▶ WHAT NEEDS TO BE DONE: Reproduce nothing but the lines from the one with "Lawn Co-Ord-Embroidered (Pret)" down to the last line of the data below.

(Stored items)
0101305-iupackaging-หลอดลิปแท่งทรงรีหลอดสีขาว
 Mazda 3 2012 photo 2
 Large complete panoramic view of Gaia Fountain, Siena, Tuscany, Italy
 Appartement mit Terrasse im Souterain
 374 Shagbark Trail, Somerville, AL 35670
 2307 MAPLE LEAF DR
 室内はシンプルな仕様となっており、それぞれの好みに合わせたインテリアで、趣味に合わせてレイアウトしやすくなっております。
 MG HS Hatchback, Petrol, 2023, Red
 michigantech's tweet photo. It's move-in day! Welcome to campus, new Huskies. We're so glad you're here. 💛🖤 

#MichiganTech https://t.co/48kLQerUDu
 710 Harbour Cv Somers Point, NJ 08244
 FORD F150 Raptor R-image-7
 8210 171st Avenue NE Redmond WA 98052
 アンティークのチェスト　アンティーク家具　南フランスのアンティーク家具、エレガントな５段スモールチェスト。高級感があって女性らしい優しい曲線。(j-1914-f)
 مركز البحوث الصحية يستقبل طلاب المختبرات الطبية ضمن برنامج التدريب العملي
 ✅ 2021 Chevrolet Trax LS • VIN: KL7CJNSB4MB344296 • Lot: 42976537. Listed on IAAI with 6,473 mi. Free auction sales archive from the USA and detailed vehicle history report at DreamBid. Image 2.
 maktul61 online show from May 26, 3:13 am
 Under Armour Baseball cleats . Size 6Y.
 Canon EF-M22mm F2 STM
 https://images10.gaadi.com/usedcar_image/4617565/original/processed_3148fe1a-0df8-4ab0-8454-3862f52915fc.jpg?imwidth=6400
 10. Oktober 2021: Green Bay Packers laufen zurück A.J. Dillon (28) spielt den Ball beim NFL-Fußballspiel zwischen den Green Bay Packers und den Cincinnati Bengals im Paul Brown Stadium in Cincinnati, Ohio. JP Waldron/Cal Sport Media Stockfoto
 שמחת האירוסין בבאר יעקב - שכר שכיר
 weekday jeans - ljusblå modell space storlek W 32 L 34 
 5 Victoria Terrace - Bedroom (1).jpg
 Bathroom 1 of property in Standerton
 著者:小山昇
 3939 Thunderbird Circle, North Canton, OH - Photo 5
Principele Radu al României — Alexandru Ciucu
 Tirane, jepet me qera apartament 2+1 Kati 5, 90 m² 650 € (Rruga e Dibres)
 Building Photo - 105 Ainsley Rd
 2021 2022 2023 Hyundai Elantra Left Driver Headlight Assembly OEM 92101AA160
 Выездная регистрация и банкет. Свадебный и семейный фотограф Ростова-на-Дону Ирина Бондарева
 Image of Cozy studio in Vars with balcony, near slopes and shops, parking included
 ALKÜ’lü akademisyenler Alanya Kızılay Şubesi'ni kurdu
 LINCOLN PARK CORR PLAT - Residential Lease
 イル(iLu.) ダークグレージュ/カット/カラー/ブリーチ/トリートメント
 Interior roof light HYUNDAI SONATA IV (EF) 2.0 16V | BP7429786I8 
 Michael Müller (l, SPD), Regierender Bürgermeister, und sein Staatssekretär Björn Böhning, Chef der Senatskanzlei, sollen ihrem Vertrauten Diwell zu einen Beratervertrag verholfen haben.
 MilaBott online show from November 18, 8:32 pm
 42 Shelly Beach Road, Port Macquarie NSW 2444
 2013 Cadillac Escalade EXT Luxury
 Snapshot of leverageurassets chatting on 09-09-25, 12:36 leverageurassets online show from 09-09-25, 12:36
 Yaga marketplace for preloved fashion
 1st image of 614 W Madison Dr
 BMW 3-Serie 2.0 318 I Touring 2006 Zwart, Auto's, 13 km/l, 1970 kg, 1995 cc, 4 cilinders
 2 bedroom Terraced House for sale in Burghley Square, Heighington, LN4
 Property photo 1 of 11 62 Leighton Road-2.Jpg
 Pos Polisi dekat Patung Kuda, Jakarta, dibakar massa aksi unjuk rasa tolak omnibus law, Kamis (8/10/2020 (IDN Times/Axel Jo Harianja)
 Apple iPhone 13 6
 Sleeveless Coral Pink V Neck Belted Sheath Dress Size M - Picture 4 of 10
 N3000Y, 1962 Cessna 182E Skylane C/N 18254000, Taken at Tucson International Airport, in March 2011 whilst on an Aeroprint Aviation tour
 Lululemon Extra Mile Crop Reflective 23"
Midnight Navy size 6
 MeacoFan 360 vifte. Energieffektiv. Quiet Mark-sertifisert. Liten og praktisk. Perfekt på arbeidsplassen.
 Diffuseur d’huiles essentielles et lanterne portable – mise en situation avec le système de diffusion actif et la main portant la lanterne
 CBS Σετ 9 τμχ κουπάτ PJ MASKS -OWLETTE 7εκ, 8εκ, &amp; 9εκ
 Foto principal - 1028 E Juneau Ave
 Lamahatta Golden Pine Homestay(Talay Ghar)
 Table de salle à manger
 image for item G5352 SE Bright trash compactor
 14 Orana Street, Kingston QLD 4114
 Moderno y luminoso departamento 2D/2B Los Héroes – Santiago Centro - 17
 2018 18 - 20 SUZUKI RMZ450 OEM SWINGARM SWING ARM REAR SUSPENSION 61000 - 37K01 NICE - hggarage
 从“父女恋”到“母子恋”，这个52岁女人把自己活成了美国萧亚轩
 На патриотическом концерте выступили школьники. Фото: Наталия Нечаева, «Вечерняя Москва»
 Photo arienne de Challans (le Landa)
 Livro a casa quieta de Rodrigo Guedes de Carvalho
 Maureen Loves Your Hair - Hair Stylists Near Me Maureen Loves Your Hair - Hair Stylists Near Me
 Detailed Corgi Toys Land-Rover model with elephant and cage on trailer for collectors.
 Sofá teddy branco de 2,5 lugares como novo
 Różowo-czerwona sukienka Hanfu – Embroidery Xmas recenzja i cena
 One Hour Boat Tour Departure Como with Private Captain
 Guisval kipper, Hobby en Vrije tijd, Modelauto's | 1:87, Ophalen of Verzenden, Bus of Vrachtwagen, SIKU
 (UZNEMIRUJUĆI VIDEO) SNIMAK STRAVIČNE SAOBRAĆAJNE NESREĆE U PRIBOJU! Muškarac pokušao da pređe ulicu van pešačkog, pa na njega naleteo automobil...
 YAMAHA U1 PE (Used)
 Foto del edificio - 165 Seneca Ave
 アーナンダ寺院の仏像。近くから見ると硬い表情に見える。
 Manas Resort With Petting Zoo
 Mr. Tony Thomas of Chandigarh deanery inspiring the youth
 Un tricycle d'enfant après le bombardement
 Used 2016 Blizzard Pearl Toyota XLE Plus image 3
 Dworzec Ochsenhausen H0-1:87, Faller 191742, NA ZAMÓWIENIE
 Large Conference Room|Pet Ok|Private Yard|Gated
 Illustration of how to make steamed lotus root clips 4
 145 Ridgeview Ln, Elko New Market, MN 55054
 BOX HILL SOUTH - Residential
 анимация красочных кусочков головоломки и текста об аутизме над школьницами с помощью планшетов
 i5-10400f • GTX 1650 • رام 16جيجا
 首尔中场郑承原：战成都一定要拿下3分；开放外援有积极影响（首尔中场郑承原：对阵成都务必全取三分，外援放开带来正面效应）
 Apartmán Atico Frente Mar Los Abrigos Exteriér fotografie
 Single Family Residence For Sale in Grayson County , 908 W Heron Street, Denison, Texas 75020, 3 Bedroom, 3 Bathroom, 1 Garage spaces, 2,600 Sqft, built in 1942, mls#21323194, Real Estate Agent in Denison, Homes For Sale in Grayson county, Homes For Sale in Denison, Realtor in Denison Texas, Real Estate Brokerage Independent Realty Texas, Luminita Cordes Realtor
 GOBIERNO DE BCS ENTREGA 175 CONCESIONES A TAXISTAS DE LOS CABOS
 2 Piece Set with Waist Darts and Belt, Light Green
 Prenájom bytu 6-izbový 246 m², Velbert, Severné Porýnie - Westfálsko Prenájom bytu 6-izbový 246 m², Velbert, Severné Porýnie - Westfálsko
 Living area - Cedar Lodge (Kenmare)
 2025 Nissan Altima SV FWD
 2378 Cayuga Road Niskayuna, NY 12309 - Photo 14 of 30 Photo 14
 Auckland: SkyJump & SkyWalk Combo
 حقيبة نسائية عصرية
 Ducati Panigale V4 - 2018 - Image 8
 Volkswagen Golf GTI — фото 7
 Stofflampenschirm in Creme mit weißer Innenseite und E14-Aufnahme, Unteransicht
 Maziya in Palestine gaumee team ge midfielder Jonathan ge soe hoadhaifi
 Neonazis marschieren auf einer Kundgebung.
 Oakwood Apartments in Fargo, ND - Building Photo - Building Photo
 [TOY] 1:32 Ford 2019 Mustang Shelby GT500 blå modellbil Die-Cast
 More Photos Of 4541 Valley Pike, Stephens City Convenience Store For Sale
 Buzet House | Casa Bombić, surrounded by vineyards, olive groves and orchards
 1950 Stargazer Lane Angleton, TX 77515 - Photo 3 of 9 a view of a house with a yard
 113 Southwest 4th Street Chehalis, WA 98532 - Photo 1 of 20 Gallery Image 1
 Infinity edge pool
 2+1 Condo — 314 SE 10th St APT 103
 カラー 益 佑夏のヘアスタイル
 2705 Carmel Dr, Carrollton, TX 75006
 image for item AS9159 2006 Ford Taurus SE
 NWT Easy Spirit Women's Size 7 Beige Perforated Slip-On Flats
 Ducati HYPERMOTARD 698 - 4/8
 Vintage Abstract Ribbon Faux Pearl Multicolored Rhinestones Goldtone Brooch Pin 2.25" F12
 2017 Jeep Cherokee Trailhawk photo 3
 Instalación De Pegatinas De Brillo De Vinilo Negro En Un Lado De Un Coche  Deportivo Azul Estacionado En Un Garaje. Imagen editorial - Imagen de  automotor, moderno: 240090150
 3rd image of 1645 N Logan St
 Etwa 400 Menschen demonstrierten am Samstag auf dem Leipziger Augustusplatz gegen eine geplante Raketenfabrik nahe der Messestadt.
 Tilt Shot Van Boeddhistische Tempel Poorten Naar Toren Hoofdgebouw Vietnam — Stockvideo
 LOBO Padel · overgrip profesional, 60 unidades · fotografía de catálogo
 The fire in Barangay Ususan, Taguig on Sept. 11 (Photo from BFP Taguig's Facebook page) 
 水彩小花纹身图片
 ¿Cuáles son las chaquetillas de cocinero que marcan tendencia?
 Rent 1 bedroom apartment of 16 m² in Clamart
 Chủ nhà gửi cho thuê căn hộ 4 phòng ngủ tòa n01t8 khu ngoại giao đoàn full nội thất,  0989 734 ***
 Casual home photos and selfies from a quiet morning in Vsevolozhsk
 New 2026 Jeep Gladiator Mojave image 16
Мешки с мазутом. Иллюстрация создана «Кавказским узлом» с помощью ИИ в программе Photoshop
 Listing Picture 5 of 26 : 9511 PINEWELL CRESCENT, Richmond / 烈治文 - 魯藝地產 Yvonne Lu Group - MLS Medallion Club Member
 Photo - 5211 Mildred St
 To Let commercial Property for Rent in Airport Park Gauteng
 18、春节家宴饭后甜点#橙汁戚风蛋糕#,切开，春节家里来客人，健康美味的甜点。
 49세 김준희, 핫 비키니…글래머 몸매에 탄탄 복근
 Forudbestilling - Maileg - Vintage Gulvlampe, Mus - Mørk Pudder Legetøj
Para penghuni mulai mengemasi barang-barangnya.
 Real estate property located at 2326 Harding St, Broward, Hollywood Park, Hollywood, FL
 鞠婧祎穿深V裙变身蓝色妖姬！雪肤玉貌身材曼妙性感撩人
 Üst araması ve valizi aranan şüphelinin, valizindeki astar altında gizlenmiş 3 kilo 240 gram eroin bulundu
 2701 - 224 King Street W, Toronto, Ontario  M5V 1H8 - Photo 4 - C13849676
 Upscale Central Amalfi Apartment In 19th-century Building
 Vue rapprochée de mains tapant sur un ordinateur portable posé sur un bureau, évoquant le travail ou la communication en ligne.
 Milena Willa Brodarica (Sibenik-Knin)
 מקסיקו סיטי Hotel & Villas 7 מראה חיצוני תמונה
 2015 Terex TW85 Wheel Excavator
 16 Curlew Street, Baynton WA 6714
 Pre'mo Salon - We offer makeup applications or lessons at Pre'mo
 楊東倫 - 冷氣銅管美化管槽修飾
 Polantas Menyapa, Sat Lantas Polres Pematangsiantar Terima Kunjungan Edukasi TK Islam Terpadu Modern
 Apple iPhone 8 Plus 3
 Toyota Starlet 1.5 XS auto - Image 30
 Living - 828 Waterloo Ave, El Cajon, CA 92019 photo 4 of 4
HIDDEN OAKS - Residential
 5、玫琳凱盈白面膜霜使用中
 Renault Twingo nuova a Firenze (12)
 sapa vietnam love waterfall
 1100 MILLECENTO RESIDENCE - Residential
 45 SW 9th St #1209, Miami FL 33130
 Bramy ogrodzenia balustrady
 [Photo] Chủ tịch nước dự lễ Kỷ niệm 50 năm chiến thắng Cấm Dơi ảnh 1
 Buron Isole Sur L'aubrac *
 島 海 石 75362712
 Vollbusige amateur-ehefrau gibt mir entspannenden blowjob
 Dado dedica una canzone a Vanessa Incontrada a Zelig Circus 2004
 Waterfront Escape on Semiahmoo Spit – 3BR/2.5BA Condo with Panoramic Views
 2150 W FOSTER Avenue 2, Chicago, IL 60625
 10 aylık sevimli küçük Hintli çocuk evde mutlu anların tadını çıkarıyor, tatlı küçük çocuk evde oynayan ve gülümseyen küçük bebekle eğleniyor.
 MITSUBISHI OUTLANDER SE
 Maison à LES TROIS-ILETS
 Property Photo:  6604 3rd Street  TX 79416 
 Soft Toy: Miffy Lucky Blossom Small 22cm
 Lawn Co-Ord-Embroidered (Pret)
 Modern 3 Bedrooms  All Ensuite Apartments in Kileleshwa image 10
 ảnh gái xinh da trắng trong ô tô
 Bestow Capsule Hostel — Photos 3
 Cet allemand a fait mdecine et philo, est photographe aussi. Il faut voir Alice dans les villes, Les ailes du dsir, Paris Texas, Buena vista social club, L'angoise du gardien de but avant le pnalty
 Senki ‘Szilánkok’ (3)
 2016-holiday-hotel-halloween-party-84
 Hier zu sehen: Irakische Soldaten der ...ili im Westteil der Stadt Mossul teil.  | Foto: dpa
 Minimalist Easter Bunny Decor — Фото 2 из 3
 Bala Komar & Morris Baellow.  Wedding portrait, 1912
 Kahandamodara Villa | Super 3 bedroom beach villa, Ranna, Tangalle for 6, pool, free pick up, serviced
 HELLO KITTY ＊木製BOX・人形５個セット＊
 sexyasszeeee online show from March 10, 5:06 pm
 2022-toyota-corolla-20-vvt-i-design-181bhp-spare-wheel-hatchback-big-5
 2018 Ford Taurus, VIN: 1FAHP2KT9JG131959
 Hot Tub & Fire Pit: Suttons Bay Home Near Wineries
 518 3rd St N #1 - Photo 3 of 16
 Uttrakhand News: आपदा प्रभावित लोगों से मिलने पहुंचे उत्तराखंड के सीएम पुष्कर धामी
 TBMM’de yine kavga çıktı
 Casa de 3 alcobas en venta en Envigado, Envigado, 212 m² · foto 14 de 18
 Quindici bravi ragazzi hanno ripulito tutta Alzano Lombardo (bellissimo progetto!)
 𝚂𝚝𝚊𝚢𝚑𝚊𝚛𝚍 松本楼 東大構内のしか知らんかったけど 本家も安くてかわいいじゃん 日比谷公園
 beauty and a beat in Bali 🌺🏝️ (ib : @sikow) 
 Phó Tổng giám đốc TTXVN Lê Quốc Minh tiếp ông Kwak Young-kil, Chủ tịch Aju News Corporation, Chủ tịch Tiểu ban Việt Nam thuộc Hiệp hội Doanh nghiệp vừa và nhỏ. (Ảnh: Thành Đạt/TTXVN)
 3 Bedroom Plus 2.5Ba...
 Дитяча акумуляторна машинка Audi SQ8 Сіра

▶ WORKED SOLUTION:
 Lawn Co-Ord-Embroidered (Pret)
 Modern 3 Bedrooms  All Ensuite Apartments in Kileleshwa image 10
 ảnh gái xinh da trắng trong ô tô
 Bestow Capsule Hostel — Photos 3
 Cet allemand a fait mdecine et philo, est photographe aussi. Il faut voir Alice dans les villes, Les ailes du dsir, Paris Texas, Buena vista social club, L'angoise du gardien de but avant le pnalty
 Senki ‘Szilánkok’ (3)
 2016-holiday-hotel-halloween-party-84
 Hier zu sehen: Irakische Soldaten der ...ili im Westteil der Stadt Mossul teil.  | Foto: dpa
 Minimalist Easter Bunny Decor — Фото 2 из 3
 Bala Komar & Morris Baellow.  Wedding portrait, 1912
 Kahandamodara Villa | Super 3 bedroom beach villa, Ranna, Tangalle for 6, pool, free pick up, serviced
 HELLO KITTY ＊木製BOX・人形５個セット＊
 sexyasszeeee online show from March 10, 5:06 pm
 2022-toyota-corolla-20-vvt-i-design-181bhp-spare-wheel-hatchback-big-5
 2018 Ford Taurus, VIN: 1FAHP2KT9JG131959
 Hot Tub & Fire Pit: Suttons Bay Home Near Wineries
 518 3rd St N #1 - Photo 3 of 16
 Uttrakhand News: आपदा प्रभावित लोगों से मिलने पहुंचे उत्तराखंड के सीएम पुष्कर धामी
 TBMM’de yine kavga çıktı
 Casa de 3 alcobas en venta en Envigado, Envigado, 212 m² · foto 14 de 18
 Quindici bravi ragazzi hanno ripulito tutta Alzano Lombardo (bellissimo progetto!)
 𝚂𝚝𝚊𝚢𝚑𝚊𝚛𝚍 松本楼 東大構内のしか知らんかったけど 本家も安くてかわいいじゃん 日比谷公園
 beauty and a beat in Bali 🌺🏝️ (ib : @sikow) 
 Phó Tổng giám đốc TTXVN Lê Quốc Minh tiếp ông Kwak Young-kil, Chủ tịch Aju News Corporation, Chủ tịch Tiểu ban Việt Nam thuộc Hiệp hội Doanh nghiệp vừa và nhỏ. (Ảnh: Thành Đạt/TTXVN)
 3 Bedroom Plus 2.5Ba...
 Дитяча акумуляторна машинка Audi SQ8 Сіра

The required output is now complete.